Two related follow-up questions:

  1. In the code above, you’ll see where I define self.in_channels and self.out_channels that I note how I would like to increase the out_channels size at each layer. I get errors like Given groups=1, weight of size [256, 256, 6], expected input[32, 128, 5000] to have 256 channels, but got 128 channels instead when I attempt to increase this. Is there a way to increase the size of the out_channels?
  2. @vdw, I see that you concatenate the output of each CNN + Maxpool operation in your code and pass these features to your fully connected layers. Other PyTorch code I’ve seen will run the input data through each layer and pass the final output to the fully connected layers. I assume these approaches are very different in that concatenation provides features from each layer representing various levels of abstraction, whereas passing the final layer would just provide the representation from the last layer. Am I thinking about that right?

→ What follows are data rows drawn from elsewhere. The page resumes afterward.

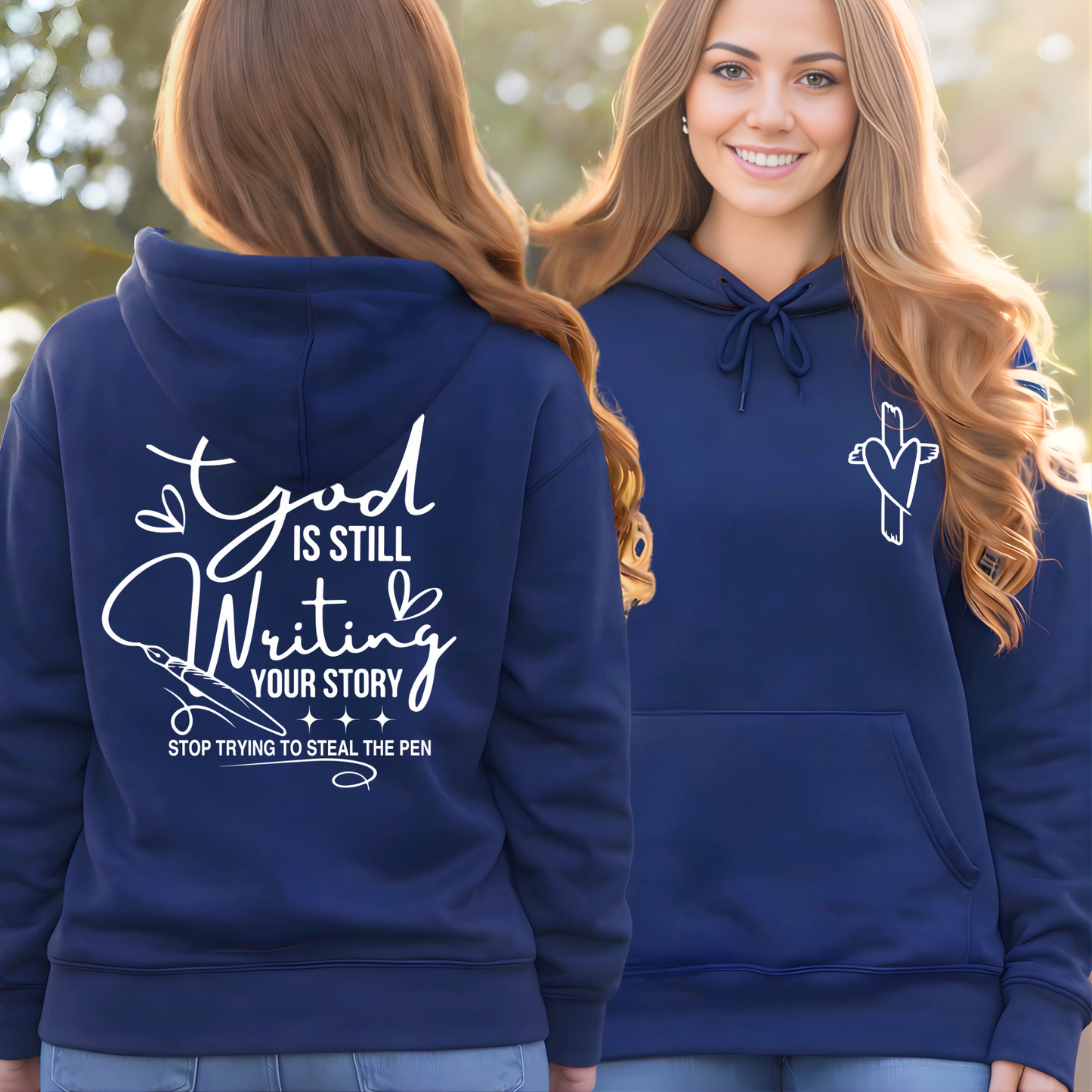 Navy Christian hoodie back view featuring God Is Still Writing Your Story faith design
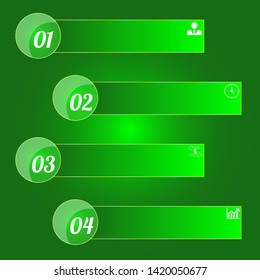 In the figure infographics circle cut out rectangles with a circle, green shades. . Infographic with numbers. Infographics for business, program, presentations.
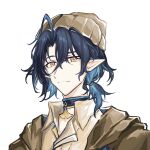  1boy absurdres ahoge arknights beanie bishounen blue_hair choker closed_mouth fish_boy hat highres lumen_(arknights) male_focus orange_eyes pointy_ears ponytail short_hair simple_background smile solo upper_body white_background yiyiyi380 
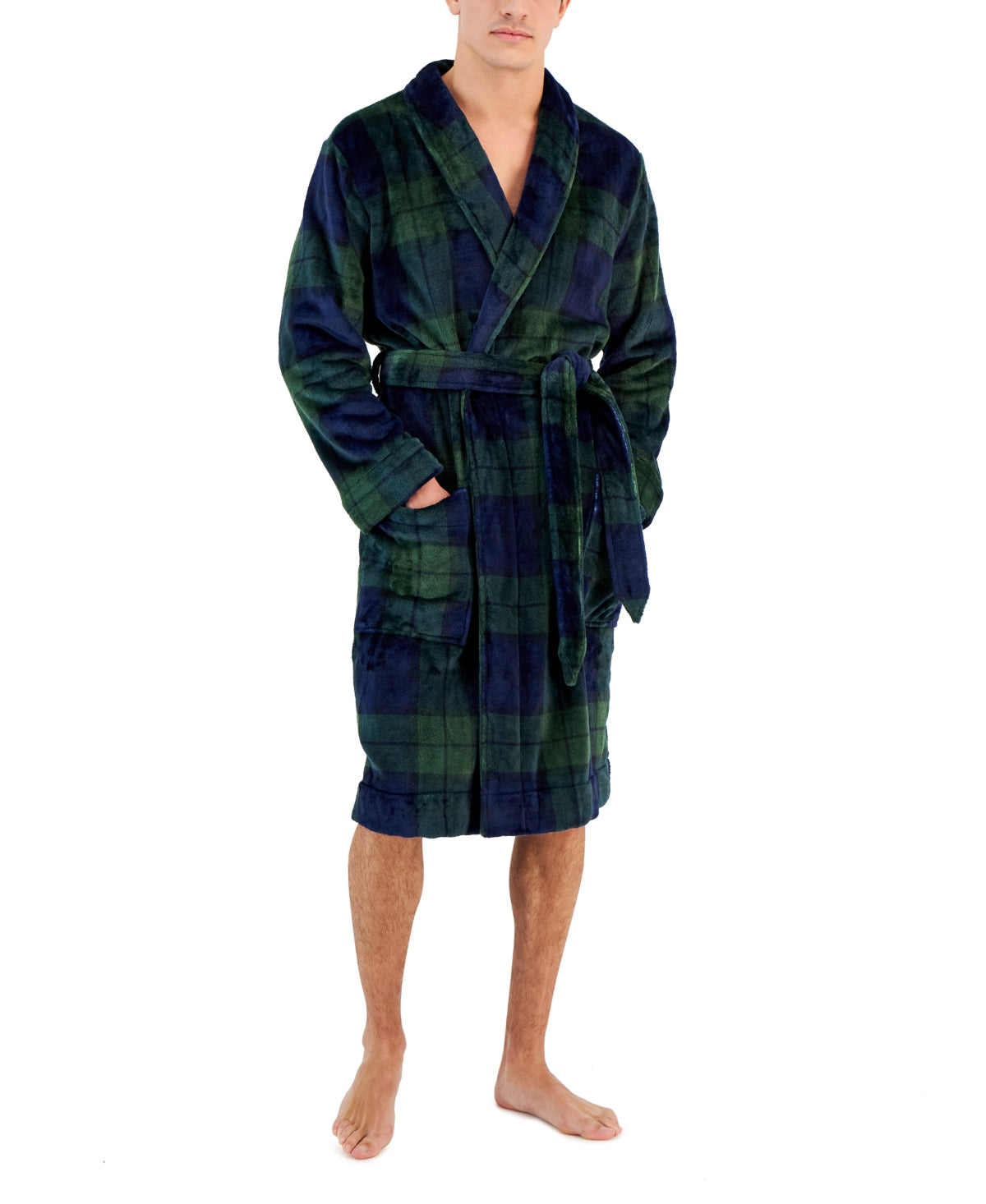 Club Room Mens Plus Plaid Pajama Robe Navy Hunter Blue Green Small / Medium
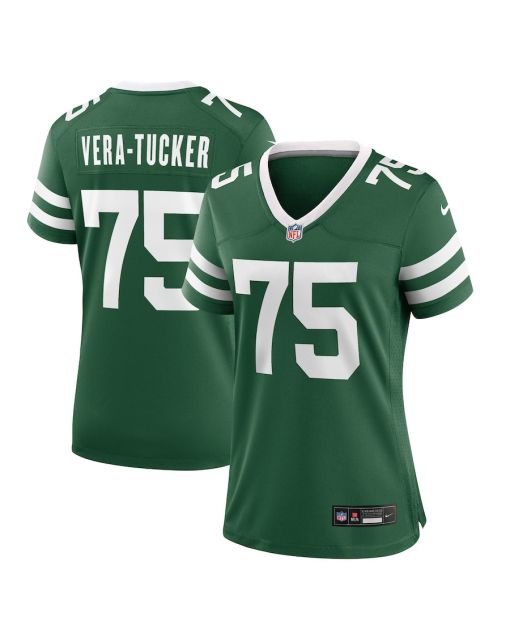 Alijah Vera-Tucker 75 New York Jets Women’s Team Game Jersey – Legacy Green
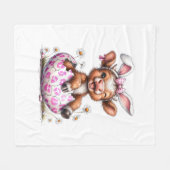 Funny Cow Easter Rabbit Cute Highland Cows Lover E フリースブランケット (正面(横))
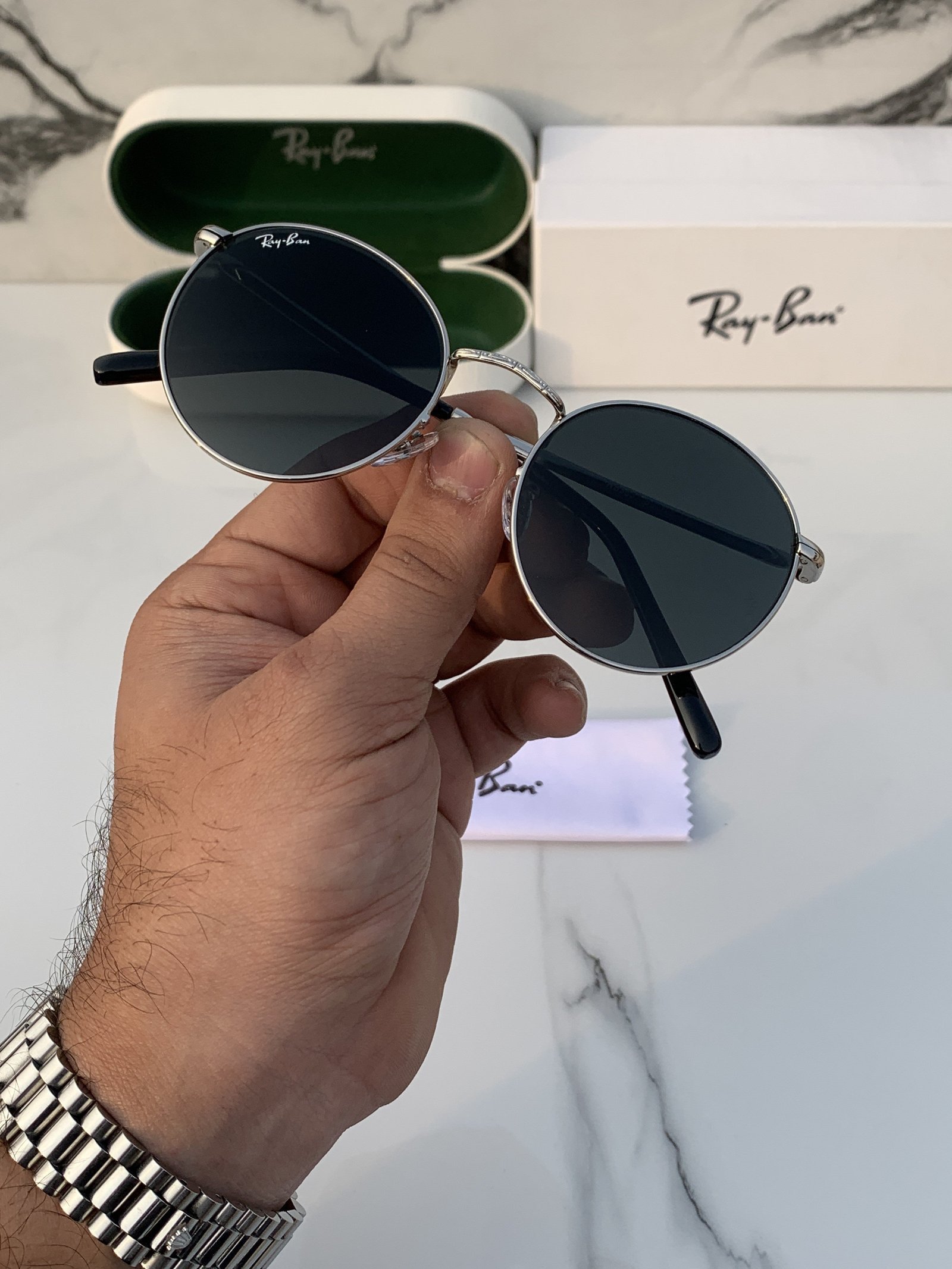 Branded Sunglasses RB 3637 silver black(With Original Kit) - Image 3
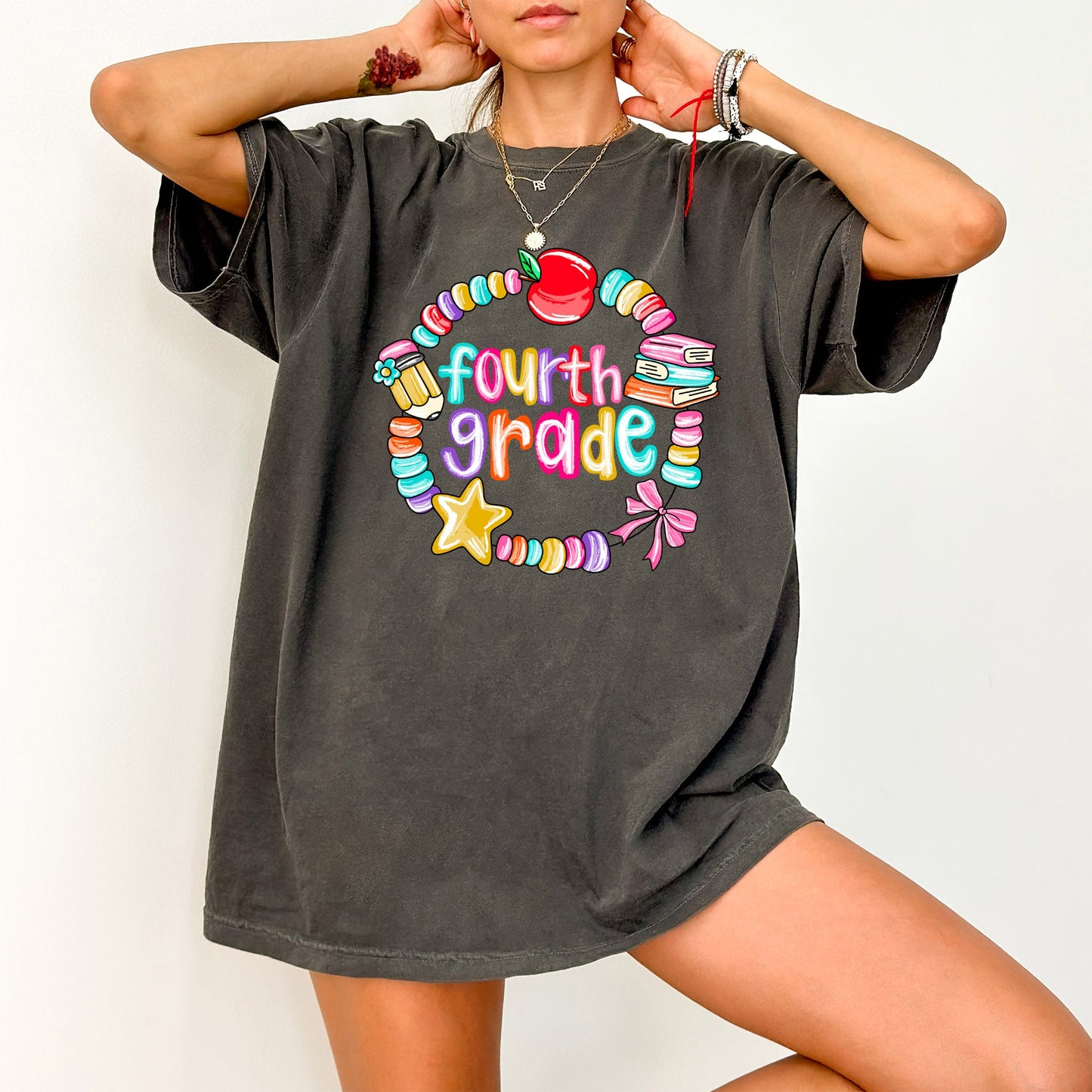 Fourth Grade, Teacher, Back to School, Bracelets, Bow, First Day of School, Cute, Teacher Appreciation, Coquette, Comfort Colors T-Shirt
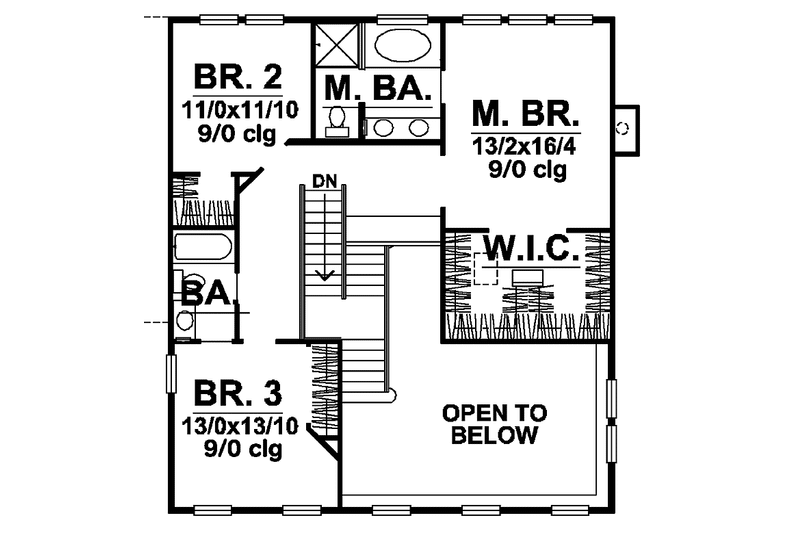 Dream House Plan - Floor Plan - Upper Floor for Colonial House Plan #320-832 - 3 bed, 3 bath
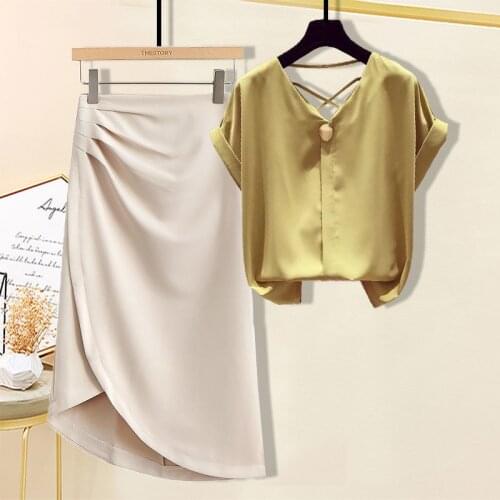 Skirts Sets Womens Dress Summer OL Suit Big Size Temperament Short Sleeve Hip Skirt Suits Two Piece Mini Blouses Japanese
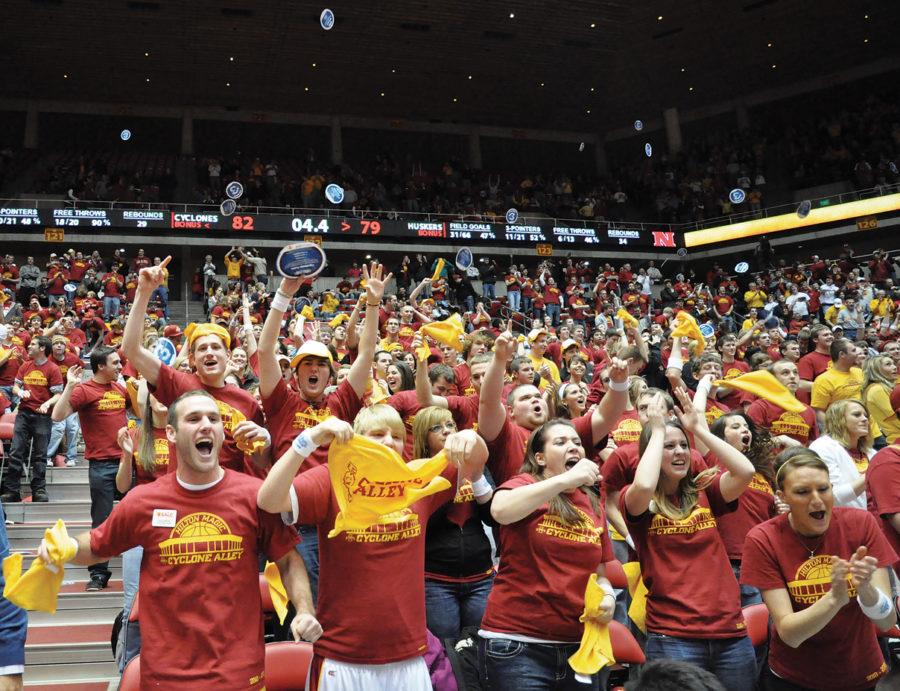 Cyclone+fans+cheer+at+the+end+of+the+game+against+Nebraska+on+Saturday+at+Hilton+Coliseum.+The+Cyclones+beat+the+Cornhuskers+in+overtime+83-82.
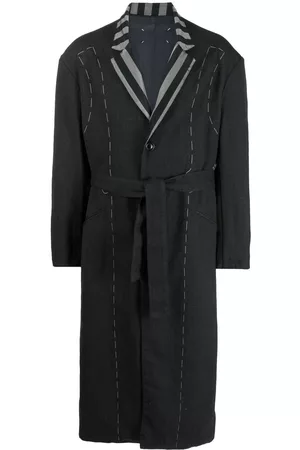 Maison Margiela Men Trench Coats - Wool stripe-pattern trench-coat - Black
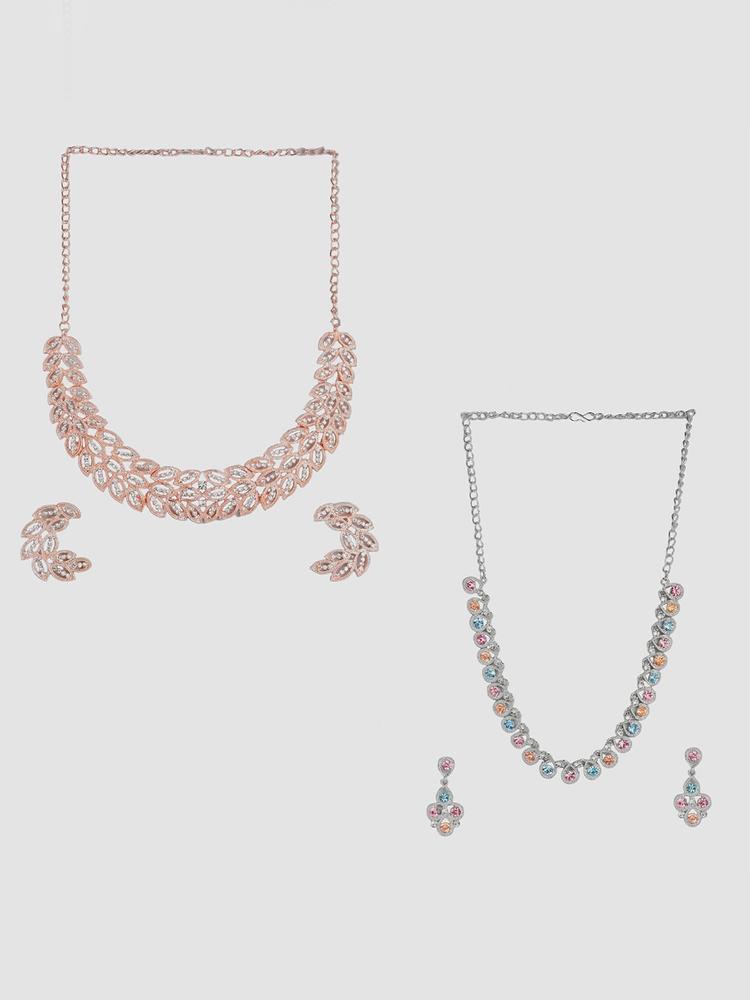 Kord Store Set Of 2 Rose-Gold Plated & Silver-Plated AD Studded Necklace & Earrings Set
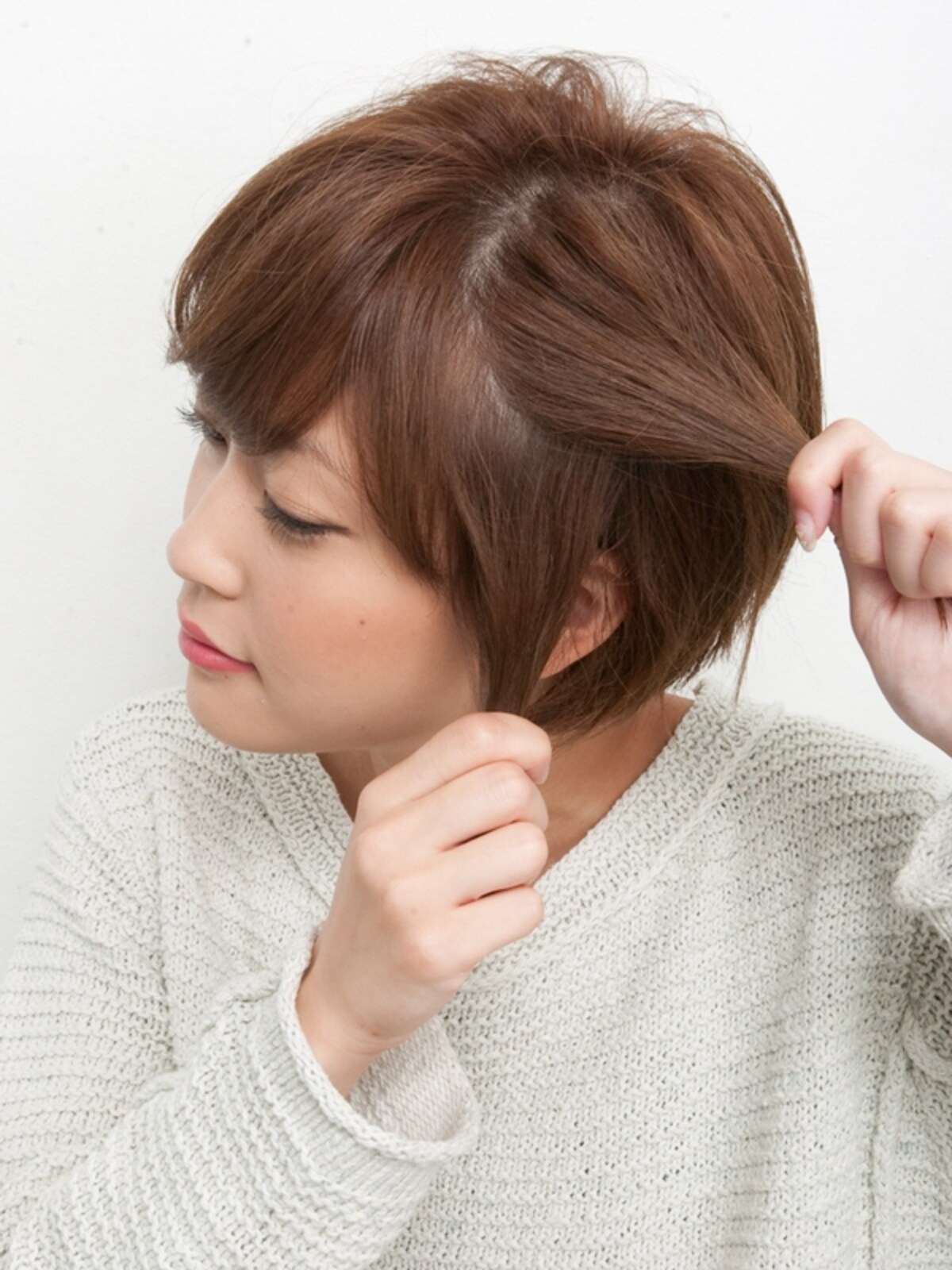分け目がみえないようにわける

@jstremme Sorry, yes…I’ve implement this approach of using CNNs for text classification which uses multiple CNN layers in parallel (not sequential) to handle different spans of words. Hence my concatenation of the Maxpool outputs instead of using them as input for a subsequent CNN layer. Otherwise, I rarely use CNNs for my tasks so I’m not overly familiar with all the trips and traps.

Makes perfect sense.

The code in your initial answer helped solve my problem of computing the FC layer input size, so I will mark it as the solution.

For anyone else reading, note that my first and second code snippets are different in exactly the way described in the thread (sequential vs concatenated), except the FC input size computation is wrong in the first snipped (also described above). I’ll see about posting a follow-up if I end up using the sequential approach.

Thanks again, @vdw.